About the Yu-Gi-Oh!
Yu-Gi-Oh! was born as a manga series written and illustrated by Kazuki Takahashi, originally published by Shueisha in Weekly Shōnen Jump magazine from 1996 to 2004.
Due to the success of the manga series, an anime adaptation was produced by Toei Animation with the same name and with 27 episodes, airing from April 4, 1998 to October 10 of the same year.
However, what popularized the Yu-Gi-Oh! was a second anime series titled Yu-Gi-Oh! Duel Monsters, this time produced by Nihon Ad Systems and animated by Studio Gallop. The new anime had 224 episodes and aired between April 2000 and September 2004. From it, the Yu-Gi-Oh! grew considerably and spawned several spin-offs, video games and the beloved Trading Card Game.
Yu-Gi-Oh! Trading Card Game
Due to the great success of these works, Kazuki Takahashi decided to create the Yu-Gi-Oh! TCG. And despite being inspired by the fictional “dueling monsters”, the actual card game is quite different from what we've seen in the anime and manga series.
The main reason for these differences is that the real card game took some time to define its rules, which had the objective of organizing and adapting better to the competitive scene that was being formed and promised to grow. In addition, there are also those who believe that the anime needed to keep a little distance from the actual card game rules to have more creative freedom and generate greater public interest in watching the animation.
Despite this, both versions of the game have the same main objective, which is a competition between two duelists who battle against each other using their decks - which can contain a variety of monster, spell and trap cards, to defeat the opponent and be the first to drop the opponent to 0 life.
Impact of anime and manga on the Yu-Gi-Oh! TCG
The Yu-Gi-Oh! TCG was a real watershed for the franchise, even being able to influence the history of the manga, which initially focused on different types of games, and only really gave space to Duel Monsters from chapter 60 onwards. The focus of the story became the card game. A decision taken with the aim of making the franchise more attractive to children and young people and promoting the card game.
After the anime and manga series started to focus on the card game, there was a natural need to create new characters and, consequently, new decks. If at the beginning the main characters like Yugi Muto and Seto Kaiba used decks with different monsters that were not related to each other, new characters started to appear using thematic decks, such as, for example, Weevil Underwood with his deck focused on insects and Rex Raptor with your dinosaur deck. I see this as a way to make it easier for new Duelists to be introduced into the anime and manga series, and moreover, it's a way to make these characters more memorable.
Another point worth highlighting is that these theme decks clearly served to inspire the creation of archetypes that became quite relevant from the Yu-Gi-Oh! GX, and to this day are the main focus of the Yu-Gi-Oh! card game. Thus, in addition to being linked by a theme, the new decks have cards with effects that interconnect with each other, something that increases the synergy and consistency of the decks.

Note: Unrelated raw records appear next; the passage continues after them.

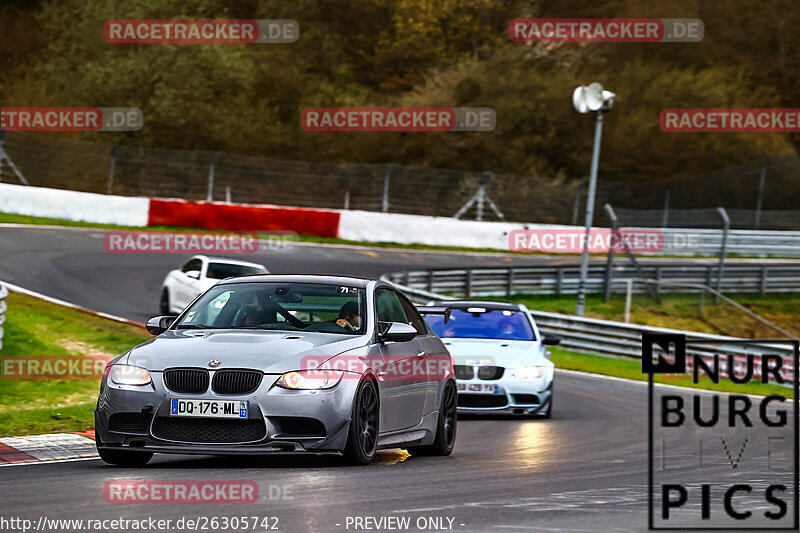 Bild #26305742 - Touristenfahrten Nürburgring Nordschleife (30.03.2024)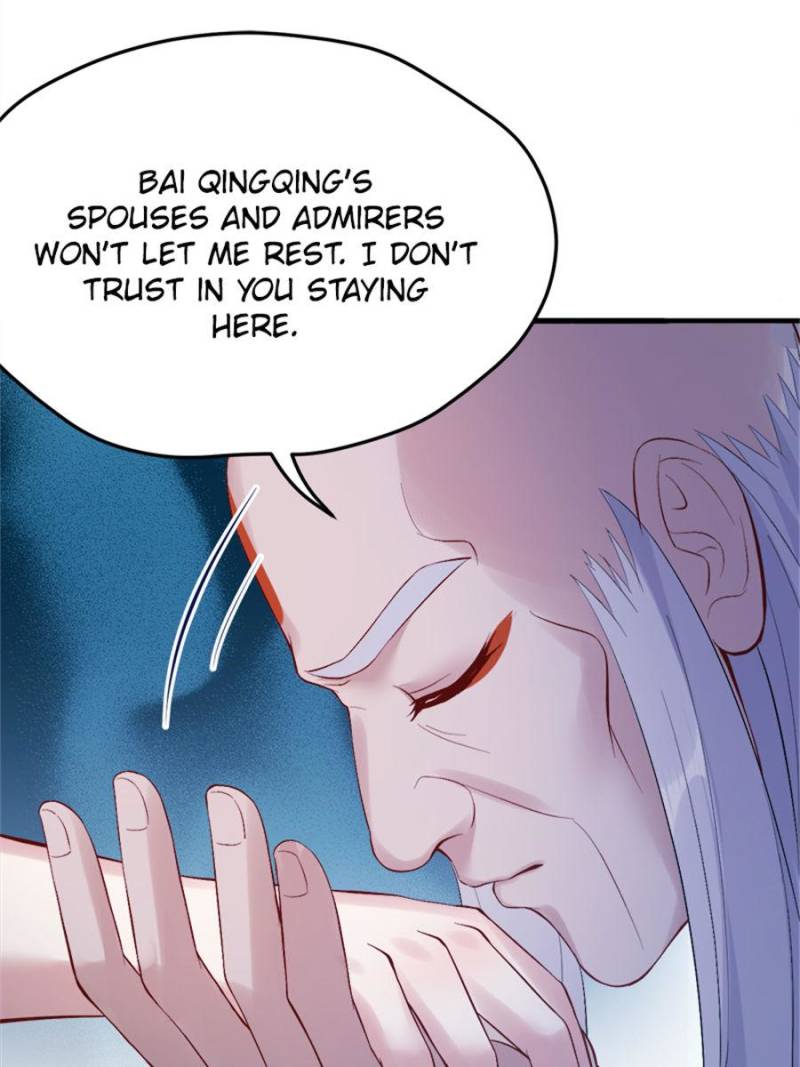 Beauty and the Beasts Chapter 163 - page 50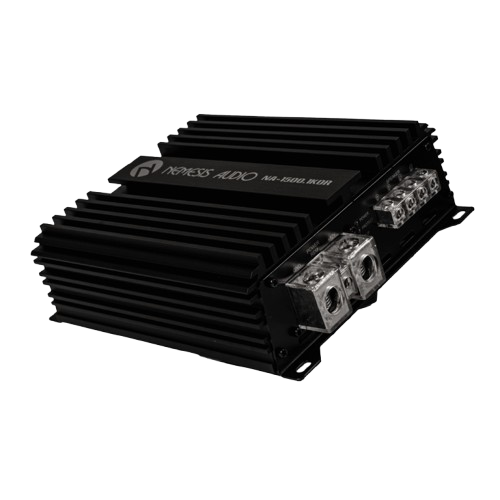 Infinity Reference 6001A Amplifier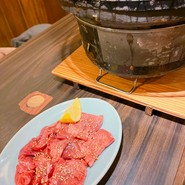 焼肉苑　咲万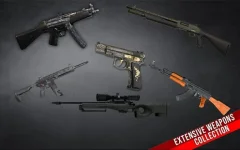 Firing Squad FreeFire Survival Battlegrounds 2020 - screenshot 2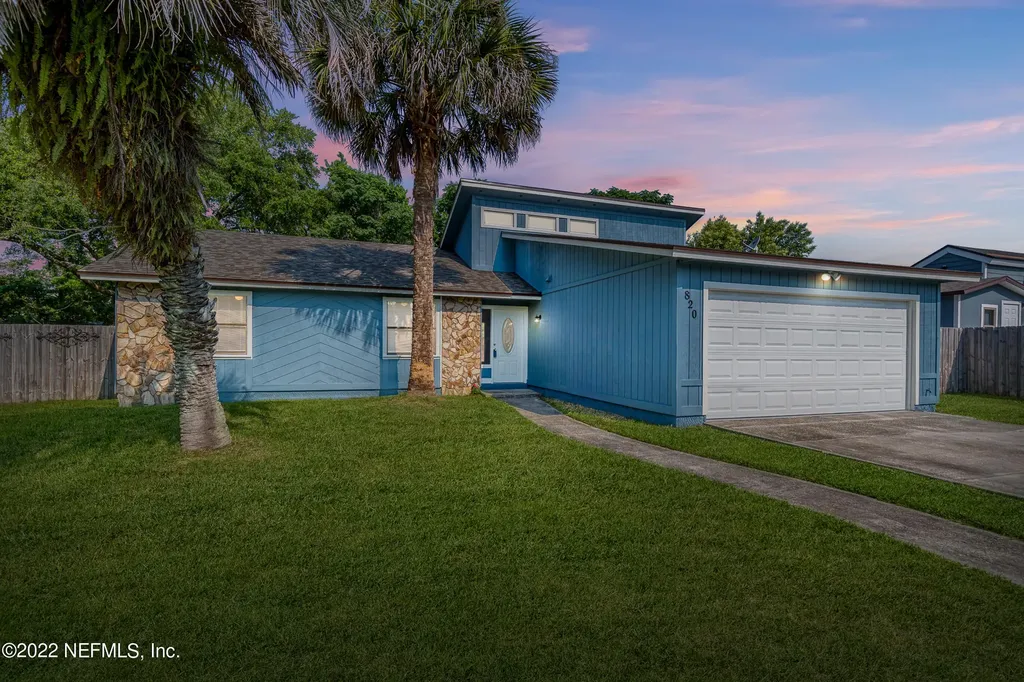 820 Century 21 Drive Jacksonville FL 32216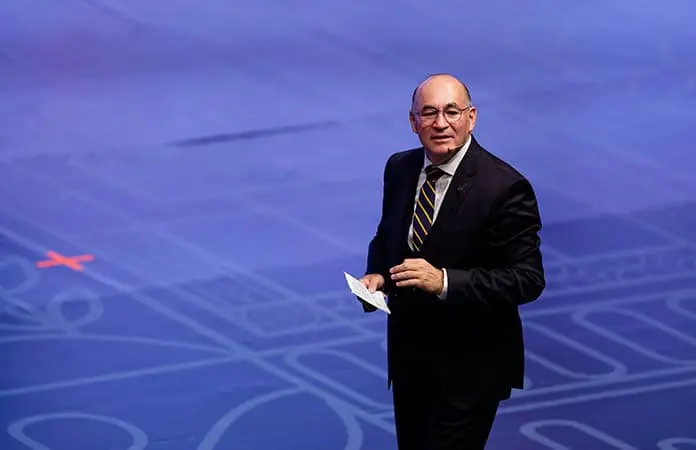 El alcalde propone capacitar y fortalecer policías municipales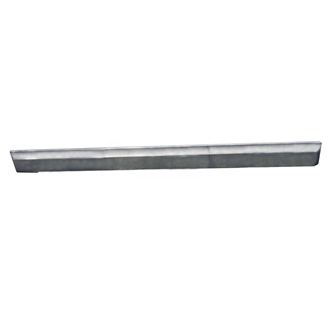 Exterior Blue Limestone Capstone Courtyard Wall Coping Stone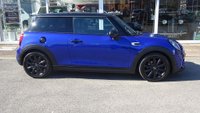 USED 2018 18 MINI HATCH COOPER 2.0 COOPER S 3d 190 BHP 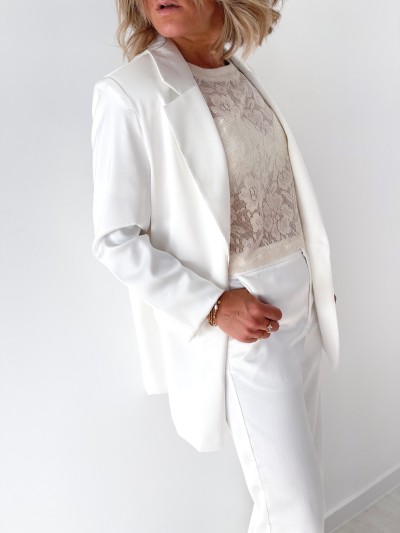 Veste / Blazer Chic Paris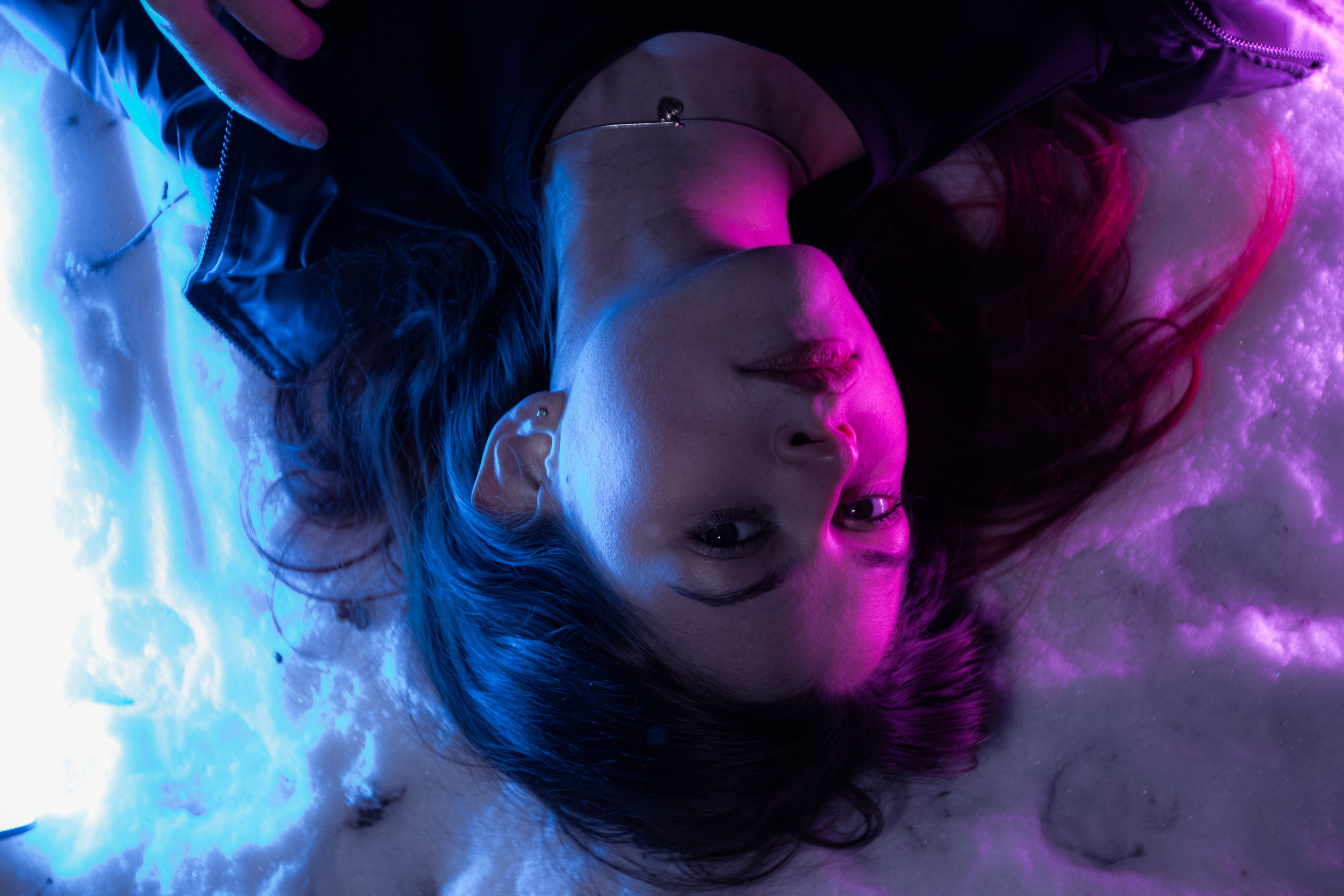 Марго. Портретный и пейзажный фотограф Никита Павлов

In addition to influencing the creation of archetypes, the Yu-Gi-Oh! anime has a certain influence on the card game in terms of banlist! Some cards coming from the anime to the card game are exaggeratedly strong and end up causing problems to the health of the game. However, they take a long time to be banned due to their commercial attachment.
There are also cases like Firewall Dragon, which had an errata to stay off the banlist.
In addition, there is also the case of Red-Eyes Dark Dragoon, a fusion between Dark Magician and Red-Eyes Black Dragon, boss monsters of the protagonists of the Yu-Gi-Oh! Duel Monsters Yugi Muto and Joey Weeler, respectively.
The card was once more relevant in the Yu-Gi-Oh! TCG and was always the target of ban requests by players, which were never answered. Currently, the card is not in trend among the main decks of the format, but only because the spell that summons it, Red-Eyes Fusion, is very restrictive and can hinder most strategies in trend at the moment.
How to bring new players to the Yu-Gi-Oh! TCG through the anime and manga series?
The similarities between the anime and manga series and the real card game are enough to make people interested in the card game. However, the differences end up pushing some of these people away, either because they are very attached to archetypes that are only strong in fiction or even find the game, with different rules and mechanics to learn, too complex.
Thus, an alternative that I find very interesting is to launch a series focused on presenting how the card game works to the public, addressing issues of deckbuilding, rules, banlist and Metagame.
In addition, presenting more modern archetypes that can compete in tournaments is an excellent move both to suggest decks for new players and to stimulate the sale of new franchise products. Something similar occurs in the manga Yu-Gi-Oh! OCG Structures, which features more frequent archetypes in the current Yu-Gi-Oh!, in addition to also showing the use of hand traps.